It was interesting to get that version of the memory. Grandpa Jim told it filtered through the age of time, always with a bit of regret for the loss of his friend he'd shared with. Grand-Uncle William had been one of the writers and didn't think teenagers were that funny – his memories were coated with their lives after. Now from Bucky for whom it had just been a few years ago and a precious respite from a period of horror – a happy memory. Gabe was glad to see it.

"Yes," Gabe replied softly, letting Bucky be absorbed in the revealing memories. "The letters never stopped. So when the family were released from the internment camp, and were moving across the country and not settling... well, your mom offered your home to us too. With the thing with William and Stake pretty well established in letters already, everybody had to go and see how it would be in person. And it was pretty damn good in person too. And here we are."

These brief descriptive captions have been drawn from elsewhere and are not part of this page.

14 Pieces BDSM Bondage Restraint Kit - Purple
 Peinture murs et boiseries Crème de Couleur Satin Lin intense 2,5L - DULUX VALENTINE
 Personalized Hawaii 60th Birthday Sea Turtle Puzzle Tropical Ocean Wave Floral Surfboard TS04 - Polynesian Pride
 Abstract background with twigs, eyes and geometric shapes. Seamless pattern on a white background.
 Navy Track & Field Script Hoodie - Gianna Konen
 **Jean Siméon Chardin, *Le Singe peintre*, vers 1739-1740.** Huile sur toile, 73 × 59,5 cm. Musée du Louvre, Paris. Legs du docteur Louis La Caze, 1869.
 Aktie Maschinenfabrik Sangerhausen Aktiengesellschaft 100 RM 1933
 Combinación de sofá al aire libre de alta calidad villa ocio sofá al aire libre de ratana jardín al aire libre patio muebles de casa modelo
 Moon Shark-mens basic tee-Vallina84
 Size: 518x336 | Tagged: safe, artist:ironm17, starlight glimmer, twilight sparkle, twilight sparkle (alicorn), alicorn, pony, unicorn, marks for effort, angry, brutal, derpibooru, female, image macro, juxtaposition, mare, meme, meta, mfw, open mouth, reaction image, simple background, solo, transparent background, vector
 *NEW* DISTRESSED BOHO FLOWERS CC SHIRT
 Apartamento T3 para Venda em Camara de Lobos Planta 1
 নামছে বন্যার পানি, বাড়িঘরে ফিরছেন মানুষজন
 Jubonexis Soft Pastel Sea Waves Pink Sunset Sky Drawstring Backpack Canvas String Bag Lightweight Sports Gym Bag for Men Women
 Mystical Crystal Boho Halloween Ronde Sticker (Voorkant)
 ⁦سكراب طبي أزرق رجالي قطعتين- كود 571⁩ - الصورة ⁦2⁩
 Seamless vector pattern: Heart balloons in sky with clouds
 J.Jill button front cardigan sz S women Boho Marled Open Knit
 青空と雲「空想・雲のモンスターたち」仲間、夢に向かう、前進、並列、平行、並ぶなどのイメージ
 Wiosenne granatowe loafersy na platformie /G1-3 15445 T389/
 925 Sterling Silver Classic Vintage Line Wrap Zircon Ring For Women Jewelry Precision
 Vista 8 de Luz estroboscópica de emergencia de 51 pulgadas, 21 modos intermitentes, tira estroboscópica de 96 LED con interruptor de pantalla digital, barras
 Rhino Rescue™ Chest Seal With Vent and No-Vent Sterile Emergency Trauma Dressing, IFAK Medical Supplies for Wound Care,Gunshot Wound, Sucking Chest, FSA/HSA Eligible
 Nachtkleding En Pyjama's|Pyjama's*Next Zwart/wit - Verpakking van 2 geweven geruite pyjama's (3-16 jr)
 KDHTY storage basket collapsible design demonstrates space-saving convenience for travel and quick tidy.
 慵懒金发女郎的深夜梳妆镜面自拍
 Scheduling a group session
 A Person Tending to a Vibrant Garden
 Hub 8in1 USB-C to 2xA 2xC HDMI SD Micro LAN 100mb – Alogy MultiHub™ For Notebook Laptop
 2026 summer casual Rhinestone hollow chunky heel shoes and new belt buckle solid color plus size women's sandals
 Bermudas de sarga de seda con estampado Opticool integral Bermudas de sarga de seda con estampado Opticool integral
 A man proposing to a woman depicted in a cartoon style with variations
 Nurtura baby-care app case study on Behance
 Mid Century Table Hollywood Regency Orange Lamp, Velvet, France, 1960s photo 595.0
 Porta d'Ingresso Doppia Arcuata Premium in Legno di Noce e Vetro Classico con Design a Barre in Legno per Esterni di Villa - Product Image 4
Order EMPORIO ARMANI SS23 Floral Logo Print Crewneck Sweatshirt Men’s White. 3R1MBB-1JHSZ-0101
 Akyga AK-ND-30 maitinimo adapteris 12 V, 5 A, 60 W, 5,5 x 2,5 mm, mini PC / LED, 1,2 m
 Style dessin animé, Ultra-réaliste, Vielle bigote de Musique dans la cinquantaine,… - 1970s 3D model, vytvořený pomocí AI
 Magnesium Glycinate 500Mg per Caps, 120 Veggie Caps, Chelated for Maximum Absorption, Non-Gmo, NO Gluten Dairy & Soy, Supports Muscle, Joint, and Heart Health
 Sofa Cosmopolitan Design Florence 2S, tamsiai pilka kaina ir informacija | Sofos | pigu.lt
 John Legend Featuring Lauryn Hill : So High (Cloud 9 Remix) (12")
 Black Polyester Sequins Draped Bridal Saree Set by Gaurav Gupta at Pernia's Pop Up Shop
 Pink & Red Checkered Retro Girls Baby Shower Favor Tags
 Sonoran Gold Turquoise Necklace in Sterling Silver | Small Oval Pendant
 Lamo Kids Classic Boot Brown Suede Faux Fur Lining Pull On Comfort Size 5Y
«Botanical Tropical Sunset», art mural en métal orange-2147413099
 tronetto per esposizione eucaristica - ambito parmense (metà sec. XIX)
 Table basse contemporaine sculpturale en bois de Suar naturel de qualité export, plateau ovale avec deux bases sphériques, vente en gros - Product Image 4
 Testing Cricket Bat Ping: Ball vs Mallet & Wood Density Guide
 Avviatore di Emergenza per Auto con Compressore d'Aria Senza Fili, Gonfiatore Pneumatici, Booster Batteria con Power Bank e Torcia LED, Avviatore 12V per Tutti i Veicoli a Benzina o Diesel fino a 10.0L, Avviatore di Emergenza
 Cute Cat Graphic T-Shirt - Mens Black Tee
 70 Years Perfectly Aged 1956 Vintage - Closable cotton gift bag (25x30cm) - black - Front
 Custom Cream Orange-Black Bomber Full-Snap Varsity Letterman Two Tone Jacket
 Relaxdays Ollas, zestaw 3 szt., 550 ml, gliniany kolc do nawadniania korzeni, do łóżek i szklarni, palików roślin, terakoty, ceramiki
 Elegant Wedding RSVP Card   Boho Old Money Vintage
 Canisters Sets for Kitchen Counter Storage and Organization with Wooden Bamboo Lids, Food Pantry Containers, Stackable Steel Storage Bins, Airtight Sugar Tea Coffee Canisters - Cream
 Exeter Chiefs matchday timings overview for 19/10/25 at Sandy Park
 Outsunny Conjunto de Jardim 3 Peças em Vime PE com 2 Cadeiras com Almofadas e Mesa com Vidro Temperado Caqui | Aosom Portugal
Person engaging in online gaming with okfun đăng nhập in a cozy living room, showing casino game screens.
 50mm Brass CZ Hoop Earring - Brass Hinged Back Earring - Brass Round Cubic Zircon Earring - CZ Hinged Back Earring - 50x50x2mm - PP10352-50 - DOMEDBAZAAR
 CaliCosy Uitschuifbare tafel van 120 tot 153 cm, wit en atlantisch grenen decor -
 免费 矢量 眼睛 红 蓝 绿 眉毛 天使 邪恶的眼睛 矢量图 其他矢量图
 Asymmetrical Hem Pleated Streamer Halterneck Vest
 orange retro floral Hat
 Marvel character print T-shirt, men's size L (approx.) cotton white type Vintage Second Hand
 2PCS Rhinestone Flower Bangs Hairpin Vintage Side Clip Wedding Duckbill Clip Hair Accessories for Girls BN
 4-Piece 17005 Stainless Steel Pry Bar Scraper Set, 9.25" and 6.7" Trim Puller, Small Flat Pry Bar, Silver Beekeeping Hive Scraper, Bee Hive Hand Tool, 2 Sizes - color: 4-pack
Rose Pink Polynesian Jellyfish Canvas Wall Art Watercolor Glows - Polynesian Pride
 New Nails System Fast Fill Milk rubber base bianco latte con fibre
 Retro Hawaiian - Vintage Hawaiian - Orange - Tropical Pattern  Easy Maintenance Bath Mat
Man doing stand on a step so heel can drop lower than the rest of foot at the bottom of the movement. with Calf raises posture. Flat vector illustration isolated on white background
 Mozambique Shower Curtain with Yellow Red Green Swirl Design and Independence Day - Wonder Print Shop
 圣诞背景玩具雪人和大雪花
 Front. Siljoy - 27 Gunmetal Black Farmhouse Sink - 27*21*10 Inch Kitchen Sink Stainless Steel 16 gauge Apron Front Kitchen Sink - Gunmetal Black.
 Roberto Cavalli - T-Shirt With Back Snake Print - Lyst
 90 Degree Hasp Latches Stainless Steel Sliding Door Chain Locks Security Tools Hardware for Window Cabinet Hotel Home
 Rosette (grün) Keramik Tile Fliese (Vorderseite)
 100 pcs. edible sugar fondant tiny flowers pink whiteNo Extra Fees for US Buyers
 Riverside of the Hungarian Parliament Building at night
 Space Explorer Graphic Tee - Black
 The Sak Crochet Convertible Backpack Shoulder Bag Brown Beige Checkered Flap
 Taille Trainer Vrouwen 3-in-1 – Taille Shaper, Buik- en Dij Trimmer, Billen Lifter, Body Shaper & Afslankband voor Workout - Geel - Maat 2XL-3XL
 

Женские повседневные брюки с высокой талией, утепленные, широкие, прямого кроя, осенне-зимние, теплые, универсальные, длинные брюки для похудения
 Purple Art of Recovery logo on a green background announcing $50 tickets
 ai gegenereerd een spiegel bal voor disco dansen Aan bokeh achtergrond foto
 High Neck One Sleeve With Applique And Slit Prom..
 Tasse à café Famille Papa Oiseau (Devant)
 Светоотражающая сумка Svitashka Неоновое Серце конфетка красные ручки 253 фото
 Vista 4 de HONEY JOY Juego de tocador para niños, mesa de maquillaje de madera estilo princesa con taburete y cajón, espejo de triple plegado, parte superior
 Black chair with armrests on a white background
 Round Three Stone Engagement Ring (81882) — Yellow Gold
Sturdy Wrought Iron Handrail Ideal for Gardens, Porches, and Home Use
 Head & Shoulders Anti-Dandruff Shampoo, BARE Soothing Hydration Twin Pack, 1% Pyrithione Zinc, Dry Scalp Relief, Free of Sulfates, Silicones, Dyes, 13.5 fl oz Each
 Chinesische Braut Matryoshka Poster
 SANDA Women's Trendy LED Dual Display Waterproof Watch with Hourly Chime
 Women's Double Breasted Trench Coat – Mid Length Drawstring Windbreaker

"Wait. William and Stake... when you were saying 'Aunt Stake', I thought you meant it like 'Uncle Dum Dum'. But. But. Are you saying that they... that my little sister and Jim's little brother...?" Bucky's voice was stunned, but there was a smile growing across his face that kept stretching out the longer it was there.

Gabe blinked. "Okay, that, I thought you had known." And he'd just seen how little information there was about the families out there, deliberately so. He wasn't sure why he'd still thought Bucky knew. Maybe just because it was such a staple of the Commando reunions. Had none of the letters mentioned it? 

Bucky shook his head. "It's damn awesome is what it is." He leaned back. "So you're Jim's grandson... and my grand-nephew." The smile hadn't left and looked like it was fairly well settled in.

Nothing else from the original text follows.